Fighting Donald Trump’s Islamophobia With Humor and History

Doomed to repeat it and all that.

New Republic senior editor Jeet Heer‘s tweet above referenced the latest display of intolerant Trump claptrap, this time in an interview with Yahoo Poltics’ Hunter Walker, in which Donald Trump laid out a plan that violated more than one constitutional right of Muslims in the United States. This included more surveillance, a “very, very, careful” look at mosques, warrantless searches and the following attention-garnering bit:

Yahoo News asked Trump whether this level of tracking might require registering Muslims in a database or giving them a form of special identification that noted their religion.

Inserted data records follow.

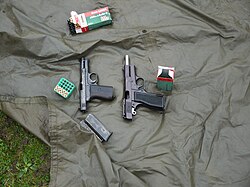 left: 7.65 mm 1934 Model pocket pistol, right: Browning 9 mm (for comparison)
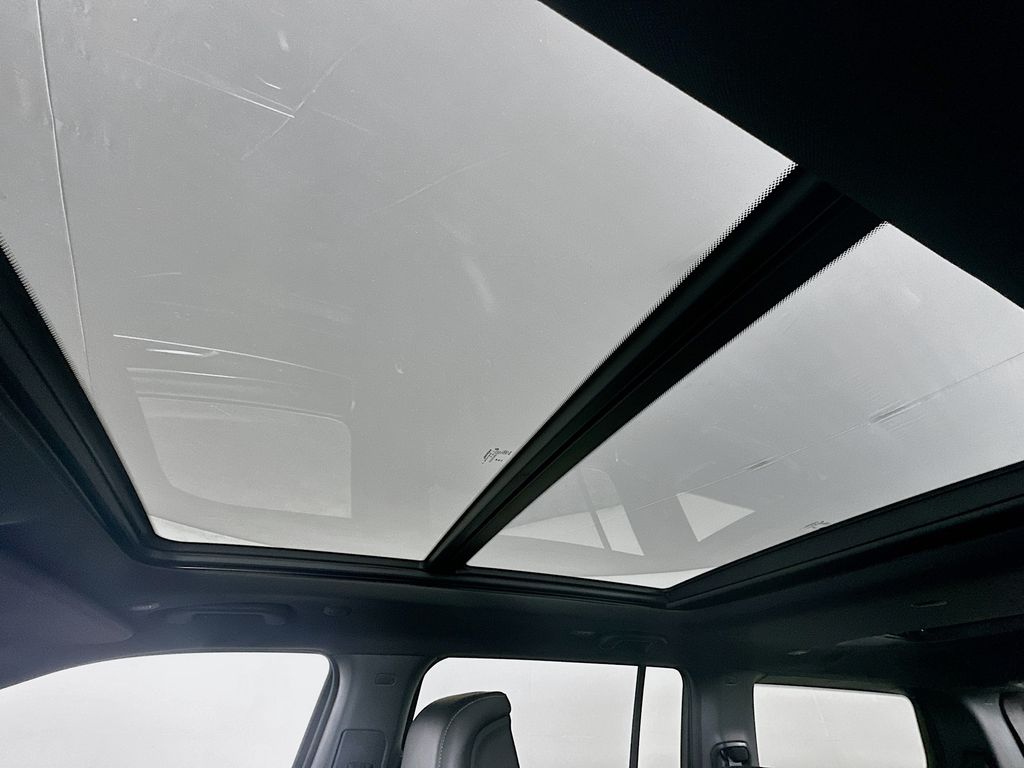 Used 2023 Gray Jeep Base image 21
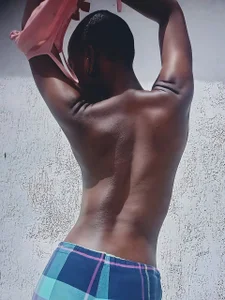 Coco_Kiss I escaped and went to the terrace, and I didn't waste any time and took off all my clothes. Immagine  3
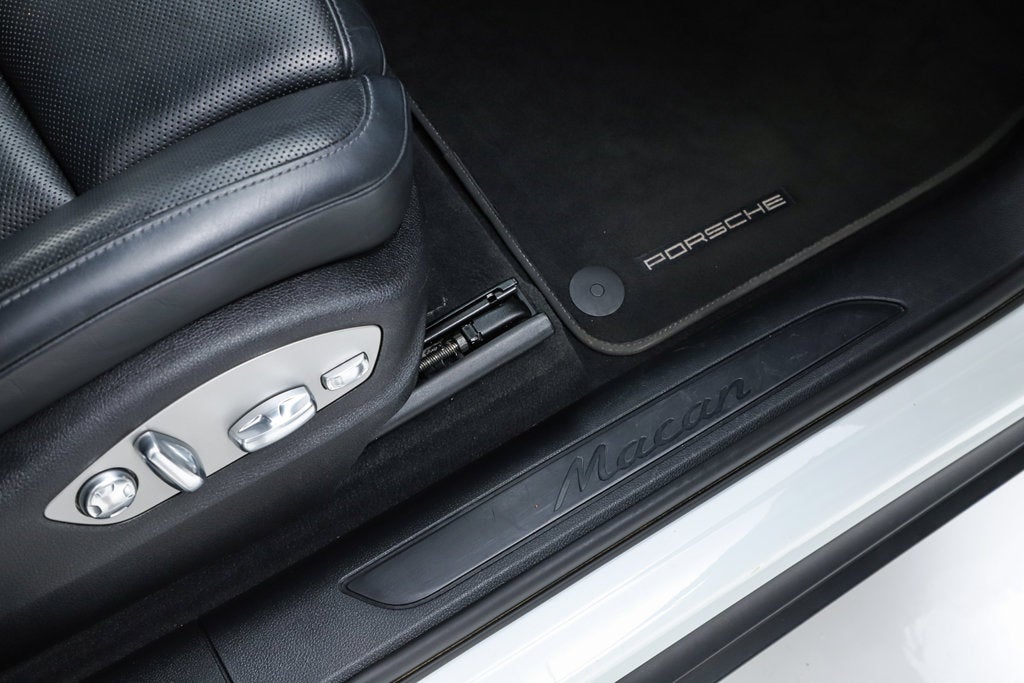 2020 Porsche Macan Base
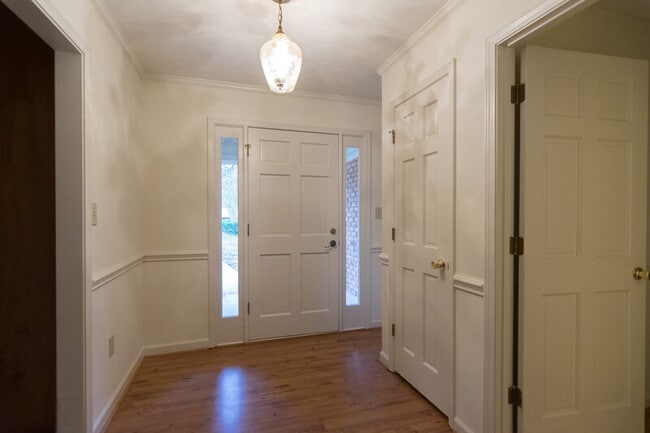 Photo - 1060 Windbrooke Ct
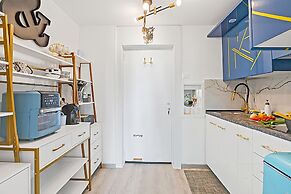 Luxury Apt 402 With Pool & Lake View
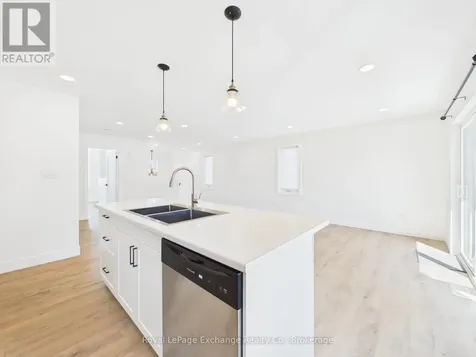 1085 Sutton Street Kincardine ON N2Z 2G1
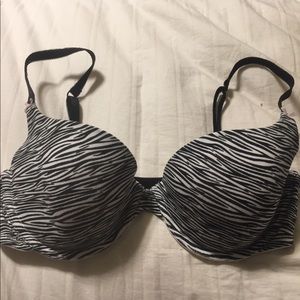 Victoria secret lined Demi bra is 34D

He wouldn’t rule it out.

Anyone with any sense of history knew exactly the analogy Walker got Trump to allude to, that of Jews in Nazi Germany forced to wear gold stars on their clothing as identification.

Godwin’s law is a term coined by Mike Godwin, which essentially states that a Nazi or Hitler comparison will invariably make its way into long, Internet-based discussions (and is also favored for political rhetorical flourishes). In implication and practice, these are usually nonsensical, inappropriate analogies, but we agree with Andrew Stroehlein, Human Rights Watch’s European media director, because forced religious identification was an actual Nazi practice.